Problem description = Leave out the pictures and repeat every record exactly.

———

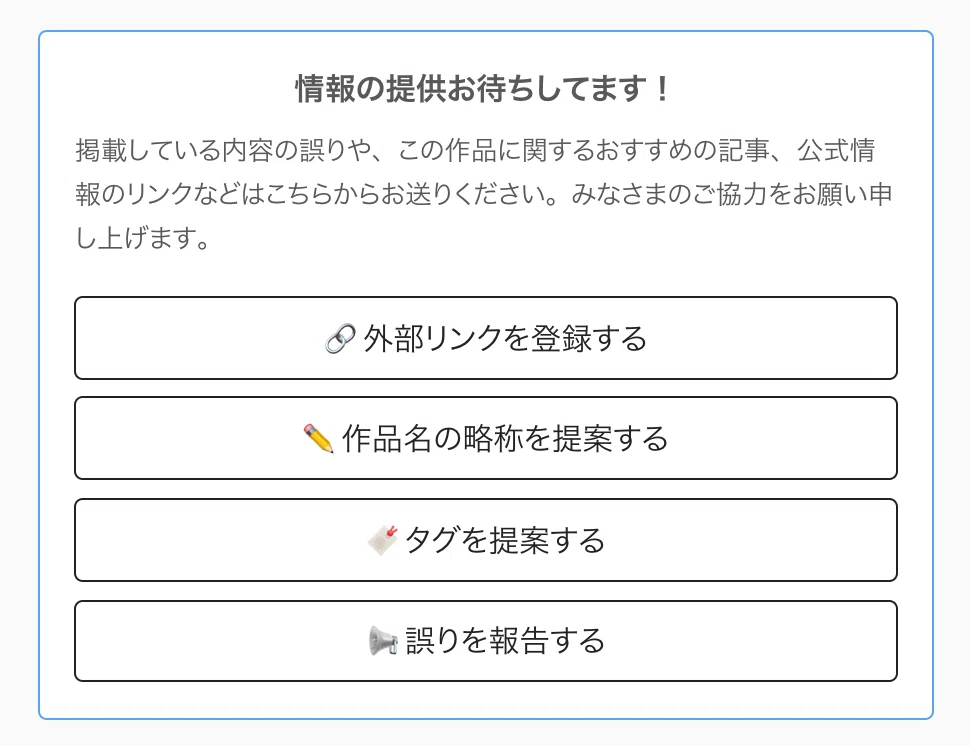 スクリーンショット 2021-10-25 17.35.58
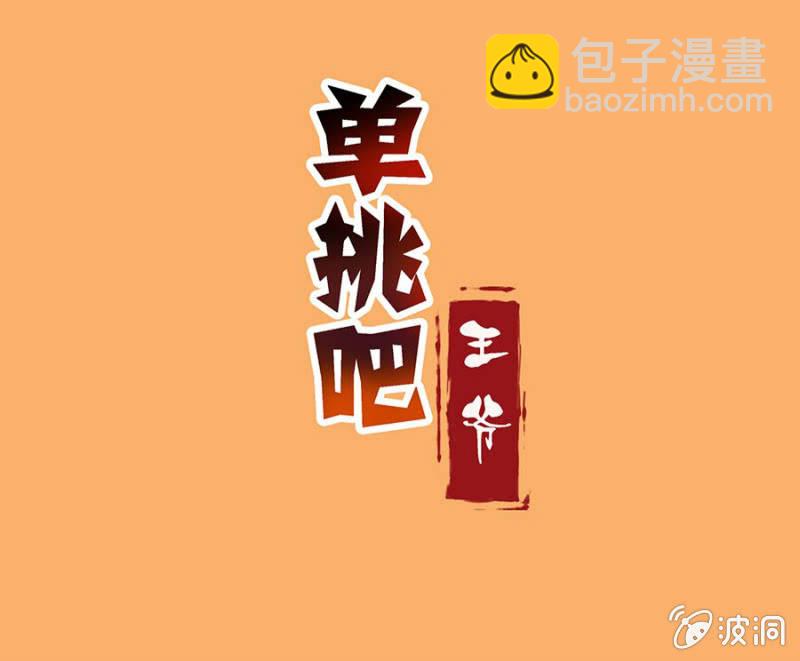 《单挑吧王爷》妖女？ 第28页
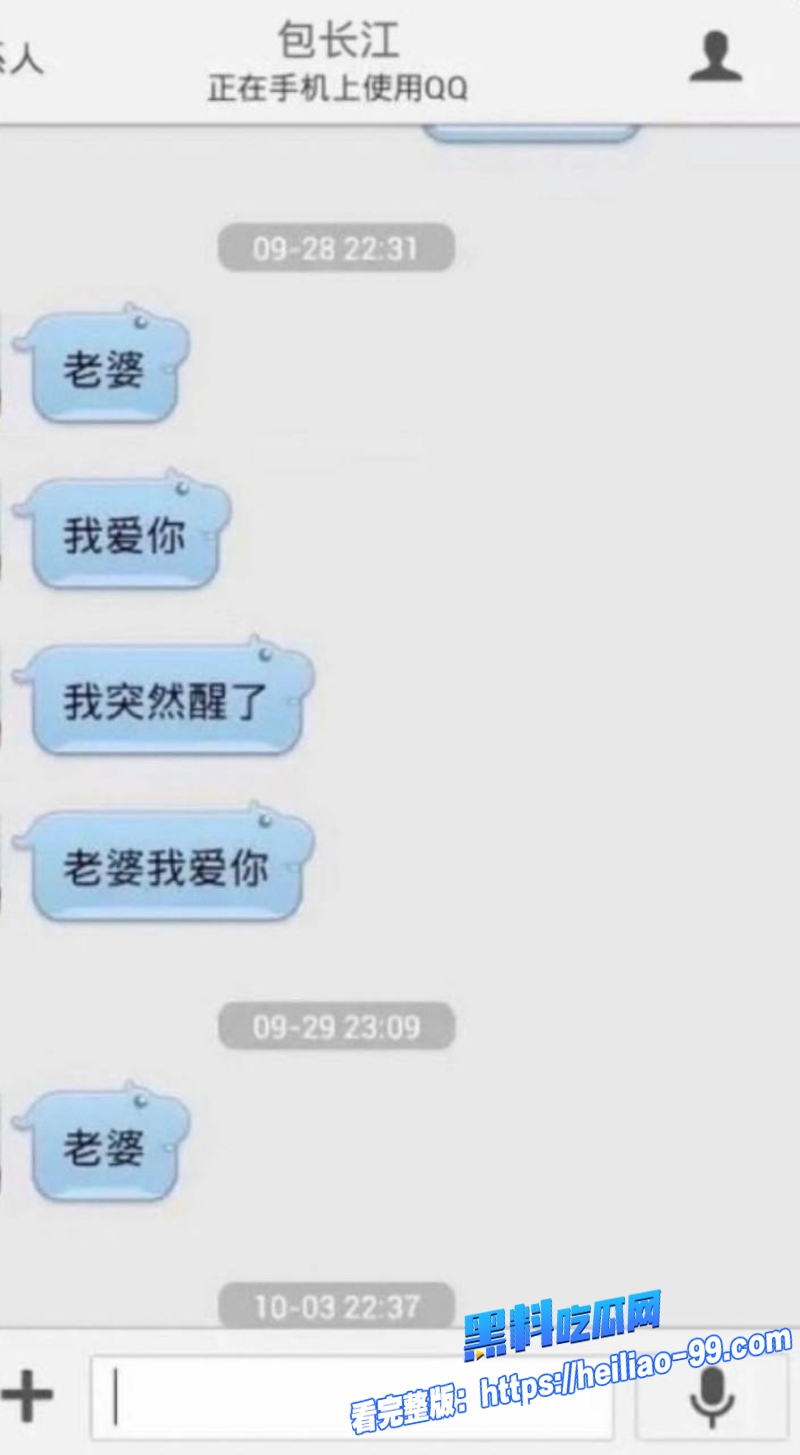 网红住持包长江13 网红住持包长江13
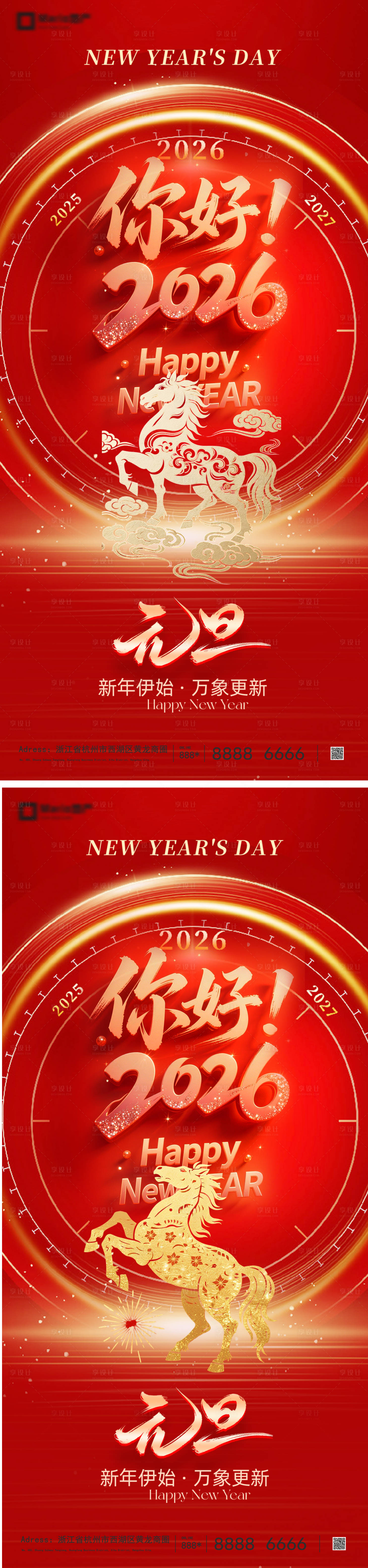 源文件下载【享设计】搜索编号：66750034647881271【元旦海报】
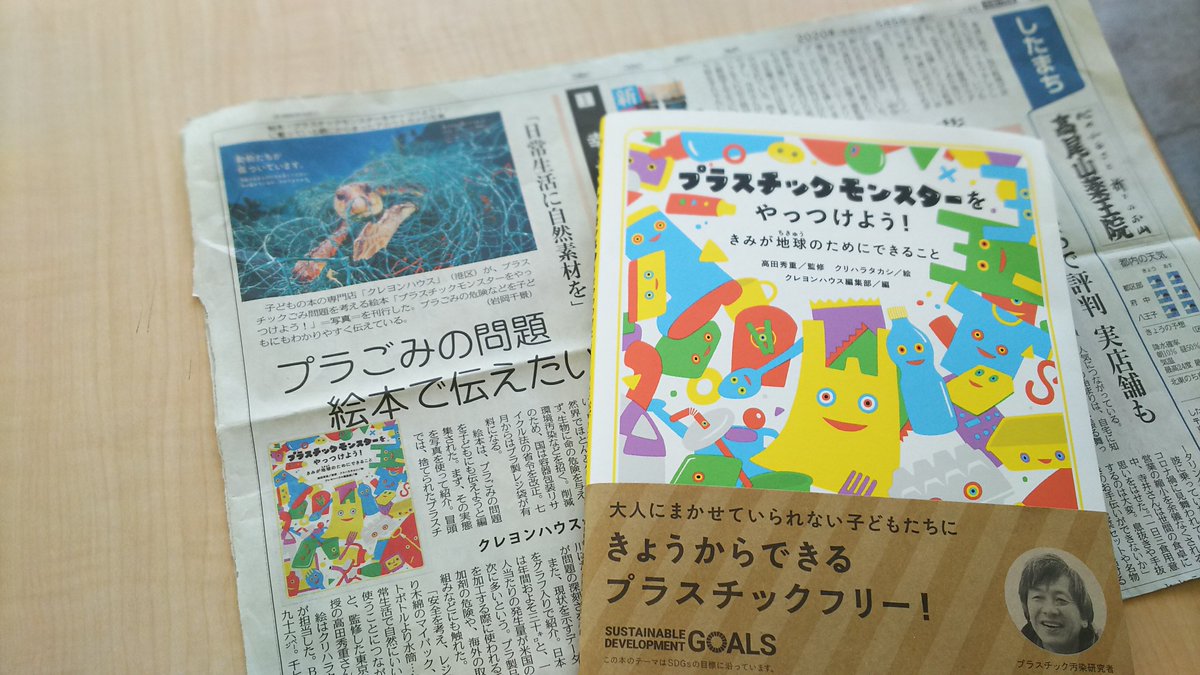 コレクション クレヨン 丸 素材 フリー クレヨン 丸 素材 フリー Apixtursaepw23b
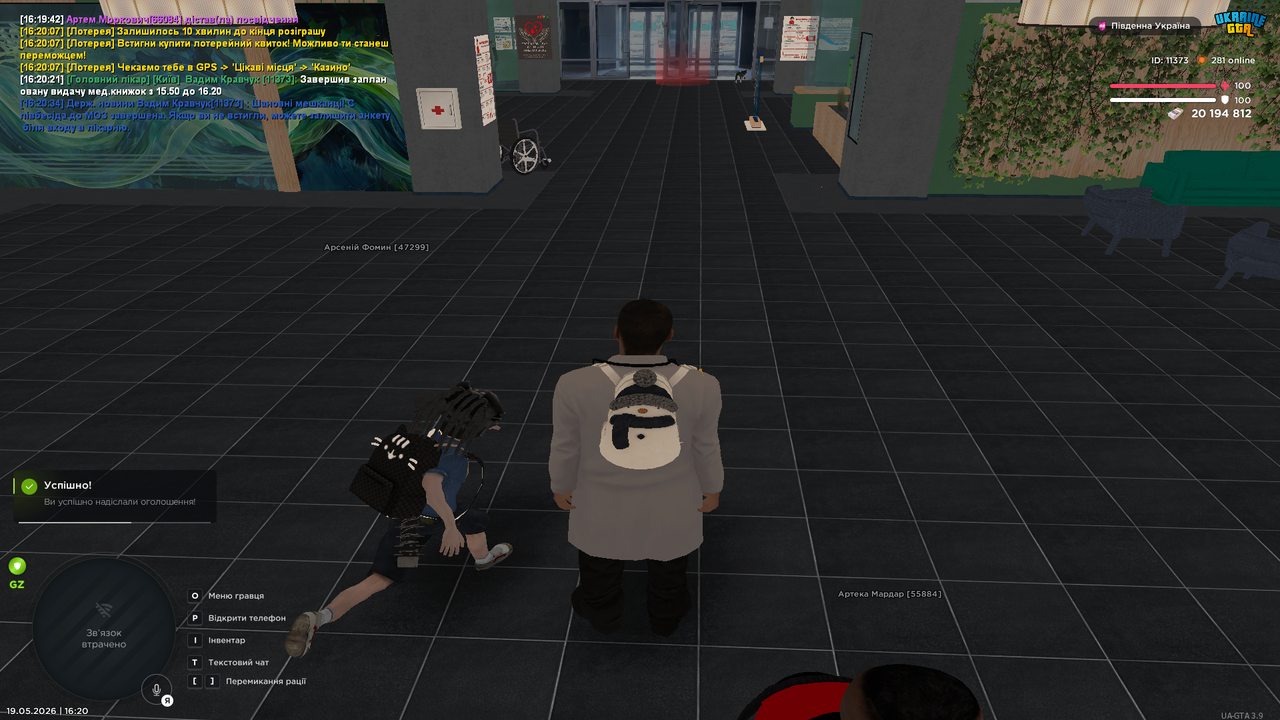 Grand Theft Auto San Andreas Screenshot 2026 05 19 16 20 35 54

———

Task result =
 スクリーンショット 2021-10-25 17.35.58
 《单挑吧王爷》妖女？ 第28页
 网红住持包长江13 网红住持包长江13
 源文件下载【享设计】搜索编号：66750034647881271【元旦海报】
 コレクション クレヨン 丸 素材 フリー クレヨン 丸 素材 フリー Apixtursaepw23b
 Grand Theft Auto San Andreas Screenshot 2026 05 19 16 20 35 54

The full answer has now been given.